Saveur | Aquitaine Légumes Surgelés : l'art et la manière de la surgélation du maïs doux à Saint-Sever
12/10/2011 |
Le maïs doux est un légume plein de surprises ! Annoncée, comme étant en retard à la fin du mois d'août, la récolte des épis se termine finalement dans les temps habituels de récolte, à savoir ces jours ci, un peu avant la mi-octobre. Une accélération du calendrier dû à la douceur de septembre... Mais, au-delà de la récolte, de la vitesse de maturité du maïs dépend aussi la première étape de sa transformation à savoir la mise en conserve ou la surgélation. Si le maïs surgelé est peu répandu dans les rayons de nos supermarchés français, c'est bien à ce type de transformation, et donc à l'export, que se consacre l'usine ALS à Saint-Sever. Visite guidée par son directeur d'exploitation Gérard Hanquiez.

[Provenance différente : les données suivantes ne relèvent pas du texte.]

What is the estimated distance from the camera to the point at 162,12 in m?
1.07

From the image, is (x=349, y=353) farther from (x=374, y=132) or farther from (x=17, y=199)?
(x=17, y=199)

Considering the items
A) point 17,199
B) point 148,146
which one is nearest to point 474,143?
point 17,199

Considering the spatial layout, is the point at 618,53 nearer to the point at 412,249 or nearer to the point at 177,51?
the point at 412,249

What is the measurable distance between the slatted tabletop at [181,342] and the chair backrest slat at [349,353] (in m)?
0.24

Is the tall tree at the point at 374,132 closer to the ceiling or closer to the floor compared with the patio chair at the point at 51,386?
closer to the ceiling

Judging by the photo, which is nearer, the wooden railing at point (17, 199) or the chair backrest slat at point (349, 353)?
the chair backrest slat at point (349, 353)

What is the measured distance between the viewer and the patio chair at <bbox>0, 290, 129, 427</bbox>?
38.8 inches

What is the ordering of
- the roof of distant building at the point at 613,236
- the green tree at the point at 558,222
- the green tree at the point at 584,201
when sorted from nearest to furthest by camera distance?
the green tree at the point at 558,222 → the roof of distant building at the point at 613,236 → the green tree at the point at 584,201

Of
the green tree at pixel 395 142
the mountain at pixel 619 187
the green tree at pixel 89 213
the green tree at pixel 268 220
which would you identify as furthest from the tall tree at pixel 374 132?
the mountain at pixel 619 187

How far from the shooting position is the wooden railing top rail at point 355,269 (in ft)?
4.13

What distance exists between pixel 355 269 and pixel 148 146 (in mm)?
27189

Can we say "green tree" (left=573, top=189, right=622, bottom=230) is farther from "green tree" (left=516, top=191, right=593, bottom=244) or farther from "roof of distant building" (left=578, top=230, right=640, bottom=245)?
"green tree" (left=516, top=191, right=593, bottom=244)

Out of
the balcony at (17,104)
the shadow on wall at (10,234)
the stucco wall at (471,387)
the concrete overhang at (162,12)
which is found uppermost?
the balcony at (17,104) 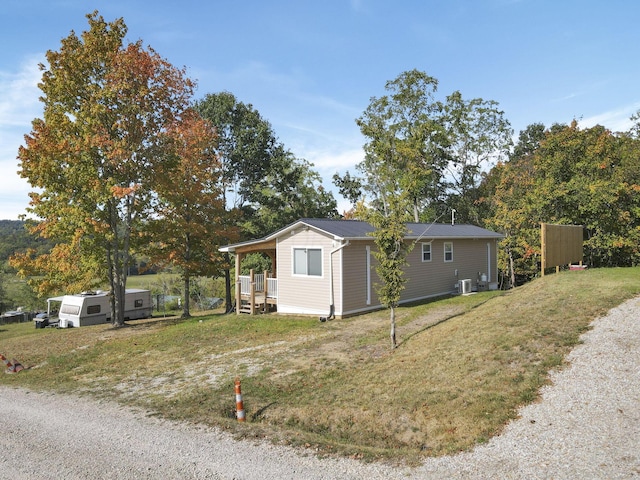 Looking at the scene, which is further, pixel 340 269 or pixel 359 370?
pixel 340 269

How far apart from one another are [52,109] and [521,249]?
26.1 m

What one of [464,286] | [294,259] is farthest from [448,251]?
[294,259]

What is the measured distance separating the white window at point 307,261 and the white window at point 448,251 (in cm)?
756

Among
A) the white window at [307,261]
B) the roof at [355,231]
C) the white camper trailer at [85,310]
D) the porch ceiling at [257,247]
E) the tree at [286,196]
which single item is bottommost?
the white camper trailer at [85,310]

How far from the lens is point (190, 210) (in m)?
24.5

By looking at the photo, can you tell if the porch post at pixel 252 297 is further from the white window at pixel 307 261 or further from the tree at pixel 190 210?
the tree at pixel 190 210

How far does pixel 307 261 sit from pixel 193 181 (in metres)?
10.0

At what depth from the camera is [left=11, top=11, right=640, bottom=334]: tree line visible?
19.1 metres

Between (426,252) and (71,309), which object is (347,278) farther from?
(71,309)

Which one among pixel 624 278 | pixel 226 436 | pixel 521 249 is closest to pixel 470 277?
pixel 521 249

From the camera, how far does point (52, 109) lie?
64.2ft

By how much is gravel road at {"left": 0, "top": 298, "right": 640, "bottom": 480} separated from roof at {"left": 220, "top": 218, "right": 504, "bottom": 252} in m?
7.37

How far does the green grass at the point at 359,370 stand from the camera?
7.21 meters

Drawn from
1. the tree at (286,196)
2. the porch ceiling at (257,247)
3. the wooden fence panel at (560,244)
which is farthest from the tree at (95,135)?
the wooden fence panel at (560,244) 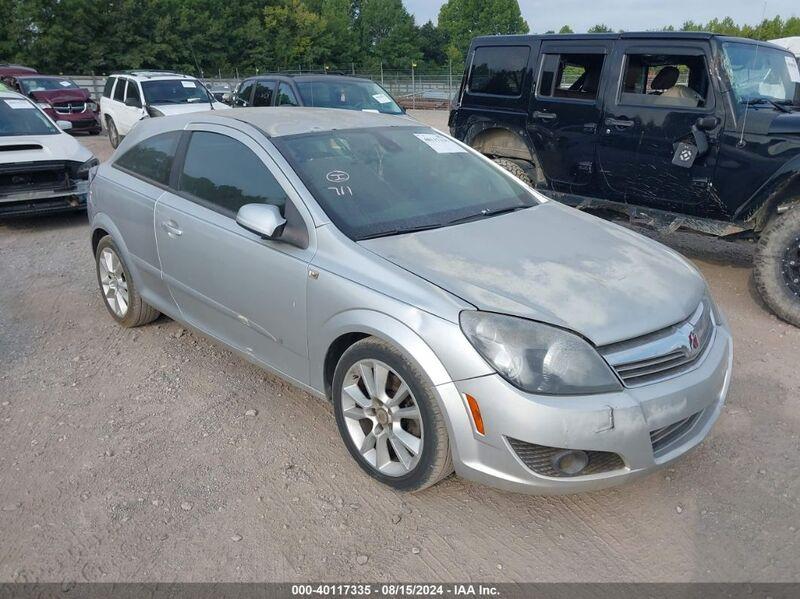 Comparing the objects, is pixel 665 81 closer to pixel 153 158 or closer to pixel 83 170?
pixel 153 158

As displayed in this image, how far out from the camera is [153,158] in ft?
14.6

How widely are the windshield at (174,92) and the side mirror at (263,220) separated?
39.7 feet

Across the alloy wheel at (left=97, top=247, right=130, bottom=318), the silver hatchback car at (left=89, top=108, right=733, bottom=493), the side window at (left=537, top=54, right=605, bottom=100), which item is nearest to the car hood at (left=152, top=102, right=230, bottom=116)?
the side window at (left=537, top=54, right=605, bottom=100)

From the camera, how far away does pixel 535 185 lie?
6.88 meters

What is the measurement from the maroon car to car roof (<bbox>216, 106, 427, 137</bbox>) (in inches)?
634

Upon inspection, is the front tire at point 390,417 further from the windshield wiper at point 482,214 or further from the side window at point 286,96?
the side window at point 286,96

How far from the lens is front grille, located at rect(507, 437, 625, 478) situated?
255 centimetres

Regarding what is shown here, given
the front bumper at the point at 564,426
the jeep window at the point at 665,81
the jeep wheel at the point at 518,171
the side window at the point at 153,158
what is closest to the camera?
the front bumper at the point at 564,426

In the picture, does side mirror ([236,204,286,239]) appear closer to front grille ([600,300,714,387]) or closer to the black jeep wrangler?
front grille ([600,300,714,387])

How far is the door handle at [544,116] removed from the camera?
256 inches

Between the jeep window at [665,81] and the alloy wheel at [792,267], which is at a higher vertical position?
the jeep window at [665,81]

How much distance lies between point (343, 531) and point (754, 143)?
436cm

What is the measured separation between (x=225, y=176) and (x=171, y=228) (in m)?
0.52

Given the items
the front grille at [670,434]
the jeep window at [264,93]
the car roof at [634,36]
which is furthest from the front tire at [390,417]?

Créée en 1990, l'unité de transformation est, depuis 1992, aux mains de deux partenaires incontournables dans leur domaine : la coopérative agricole Maïsadour et le groupe belge Ardo, leader de la production de légumes surgelés. Au total, un peu plus de cent vingt agriculteurs de la coopérative fournissent l'usine de surgélation en petits pois, haricots verts et maïs doux.
12000 tonnes de maïs doux transformées
Concernant plus particulièrement le maïs doux, c'est le produit de la récolte de 1600 ha qui est apporté chaque année à l'unité de transformation, soit un poids total d'environ 12000 tonnes de maïs doux, fournit par 62 maïsiculteurs. Organisés au fur et à mesure des récoltes, les ateliers réservés au maïs doux, sont donc en fonctionnement du début du mois de juillet jusqu'à la mi-octobre. Une organisation en « trois huit » et sept jours sur sept, qui garantit la fraîcheur, et donc le croquant et la douceur du maïs. Cette année, les derniers épis de maïs ont été livrés dans la nuit du11 au 12 octobre 2011. Quant à la durée du parcours suivi par l'épi de maïs sur les chaînes de l'usine, c'est-à-dire de sa sortie du camion de récolte à la mise en chambre froide de ses grains, elle ne dépasse pas les trente minutes !
De l'épi au grain surgelé: un parcours complexe en seulement trente minutes
Trente minutes au cours desquelles, les épis tous droits venus des champs sont d'abord effeuillés mécaniquement avant de subir un triple triage. Grâce à un système de vidéo, un premier tri analyse la couleur des épis et renvoie automatiquement sur la chaine d'effeuillage ceux qui auraient encore leur feuille. Ce tri électronique est suivi par un triage mécanique qui lui-même est suivi par une inspection et un dernier tri manuel par le personnel.Une fois la qualité des épis assurée, vient l'étape de la séparation mécanique des grains de la rafle (« la coupe ») suivie du lavage des grains qui n'éviteront pas un nouveau triage électronique par colorimétrie. « Si les grains sont trop clairs ou trop foncés, ils sont éjectés par un mouvement d'air comprimé » explique le directeur du site. Tous les grains qui passent le test avec succès continueront leur course folle dans un bain d'eau bouillante pendant une minute... Après cette étape du blanchiment, les grains de maïs seront refroidis dans une eau glacée et renouvelée en permanence, avant de finir leur périple dans un tunnel de surgélation à -38° C où ils resteront durant 15 minutes. Une fois surgelés, ils sont ensuite conditionnés dans des containers d'une tonne, baptisés « octobins » en raison de leur forme octogonale, puis stockés en chambresfroidesà -23°C. Un circuit complexe et rapide, lors duquel « des contrôles de qualité sont effectués tout au long de la chaîne, insiste le directeur. Lors de ces contrôles on s'assure que le maïs est apte à son passage en usine et on vérifie de nombreux autres critères comme la qualité de la coupe, l'efficacité du tri, la température de surgélation, etc. »
Des certifications adaptées à l'export
Quant aux octobins, ils quitteront les chambres froides du site landais pour rejoindre très majoritairement à l'export d'autres usines du groupe ardo, qui conditionneront cette fois le maïs en paquet de 500g et un kilo, à destination de consommateurs britanniques et d'Europe du nord. C'est pour répondre àcette clientèle majoritairement étrangère, et plus gourmande en maïs doux que les français, qu'ALS, outre le Bio, travaille principalement avec des certifications telles que BRC (British Retail Consortium), un équivalent des normes ISO dans le monde anglo-saxon ou encore Global Gap ou Leaf qui sont des référentiels de qualité et d'engagements durables dans la grande distribution d'Europe du Nord ou britannique.